Volume Strength of H₂O₂

What volume strength means. A sample labelled "$x$ volume" tells you this: 1 mL of this $\ce{H2O2}$ solution, on complete decomposition, releases $x$ mL of $\ce{O2}$ gas measured at STP.

So "10 volume $\ce{H2O2}$" gives 10 mL of $\ce{O2}$ per 1 mL of solution; "20 volume" is twice as strong. The number is a direct read-out of oxygen capacity — no calculation needed just to compare two bottles.
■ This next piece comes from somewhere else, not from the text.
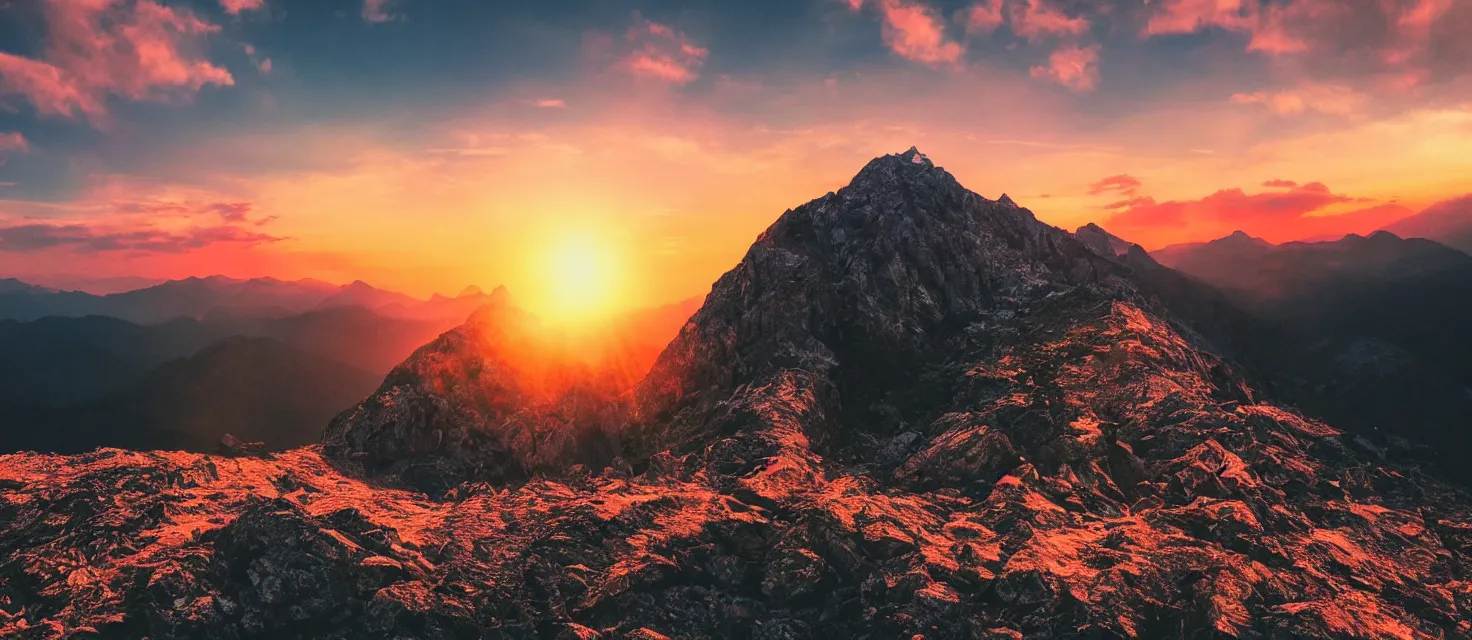 Image similar to beautiful mountain landscape, vaporwave, sunset, professional photography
In the lab, $\ce{H2O2}$ is kept in dark bottles because light speeds up its decomposition:

$\ce{2H2O2 ->[\Delta] 2H2O + O2}$

From the reaction to the formula. Start from the decomposition: $\ce{2H2O2 -> 2H2O + O2}$. Here 68 g of $\ce{H2O2}$ produces 22,400 mL of $\ce{O2}$ at STP.

For an $x$-volume solution, 1 mL of solution releases $x$ mL of $\ce{O2}$. So the $\ce{H2O2}$ packed into that 1 mL is

$\frac{68x}{22400} = \frac{17x}{5600}\text{ g}$

Scale up to 1 litre: $\ce{H2O2}$ in 1000 mL $= \dfrac{17x}{5.6}$ g.

Now use Weight = Normality × Equivalent weight. The equivalent weight of $\ce{H2O2}$ is $\frac{34}{2} = 17$ (its n-factor is 2):

$\frac{17x}{5.6} = N \times 17 \;\Rightarrow\; \boxed{x = N \times 5.6}$

And since Normality = n-factor × Molarity = 2M:

$\boxed{x = M \times 11.2}$

The dual role. $\ce{H2O2}$ is unusual — it can act as both an oxidising agent and a reducing agent, in acidic and basic media. In every one of these cases the n-factor is 2, because $\ce{H2O2}$ always moves exactly 2 electrons.

As an oxidising agent ($\ce{H2O2 -> H2O}$; oxygen goes from $-1$ to $-2$):

• Acidic: $\ce{H2O2 + 2H+ + 2e- -> 2H2O}$
• Basic: $\ce{H2O2 + 2e- -> 2OH-}$

As a reducing agent ($\ce{H2O2 -> O2}$; oxygen goes from $-1$ to $0$):

• Acidic: $\ce{H2O2 -> O2 + 2H+ + 2e-}$
• Basic: $\ce{H2O2 + 2OH- -> O2 + 2H2O + 2e-}$

Classic exam fact: with $\ce{KMnO4}$ in acidic medium, $\ce{H2O2}$ behaves as a reducing agent — it reduces $\ce{MnO4-}$ ($\ce{Mn}$ from $+7$ to $+2$) and is itself oxidised to $\ce{O2}$.